(Dataset entries)
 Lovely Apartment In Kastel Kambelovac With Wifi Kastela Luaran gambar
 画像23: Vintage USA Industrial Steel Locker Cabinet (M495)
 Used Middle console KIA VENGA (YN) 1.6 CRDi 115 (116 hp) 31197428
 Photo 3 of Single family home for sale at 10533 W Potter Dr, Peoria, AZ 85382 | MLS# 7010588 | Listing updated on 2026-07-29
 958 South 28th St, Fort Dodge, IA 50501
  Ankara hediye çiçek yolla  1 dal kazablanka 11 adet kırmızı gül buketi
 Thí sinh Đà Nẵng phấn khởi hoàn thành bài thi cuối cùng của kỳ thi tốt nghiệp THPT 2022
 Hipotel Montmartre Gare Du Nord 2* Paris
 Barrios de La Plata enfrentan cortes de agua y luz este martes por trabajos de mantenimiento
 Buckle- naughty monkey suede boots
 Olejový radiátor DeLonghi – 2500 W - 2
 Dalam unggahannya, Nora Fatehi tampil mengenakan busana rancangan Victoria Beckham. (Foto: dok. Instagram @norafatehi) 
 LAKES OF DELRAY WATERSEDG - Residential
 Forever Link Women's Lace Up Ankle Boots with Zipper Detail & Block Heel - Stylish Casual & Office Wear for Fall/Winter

WHAT TO WORK ON:
Every entry in the data should be returned exactly.

YOUR RESPONSE:
 Lovely Apartment In Kastel Kambelovac With Wifi Kastela Luaran gambar
 画像23: Vintage USA Industrial Steel Locker Cabinet (M495)
 Used Middle console KIA VENGA (YN) 1.6 CRDi 115 (116 hp) 31197428
 Photo 3 of Single family home for sale at 10533 W Potter Dr, Peoria, AZ 85382 | MLS# 7010588 | Listing updated on 2026-07-29
 958 South 28th St, Fort Dodge, IA 50501
  Ankara hediye çiçek yolla  1 dal kazablanka 11 adet kırmızı gül buketi
 Thí sinh Đà Nẵng phấn khởi hoàn thành bài thi cuối cùng của kỳ thi tốt nghiệp THPT 2022
 Hipotel Montmartre Gare Du Nord 2* Paris
 Barrios de La Plata enfrentan cortes de agua y luz este martes por trabajos de mantenimiento
 Buckle- naughty monkey suede boots
 Olejový radiátor DeLonghi – 2500 W - 2
 Dalam unggahannya, Nora Fatehi tampil mengenakan busana rancangan Victoria Beckham. (Foto: dok. Instagram @norafatehi) 
 LAKES OF DELRAY WATERSEDG - Residential
 Forever Link Women's Lace Up Ankle Boots with Zipper Detail & Block Heel - Stylish Casual & Office Wear for Fall/Winter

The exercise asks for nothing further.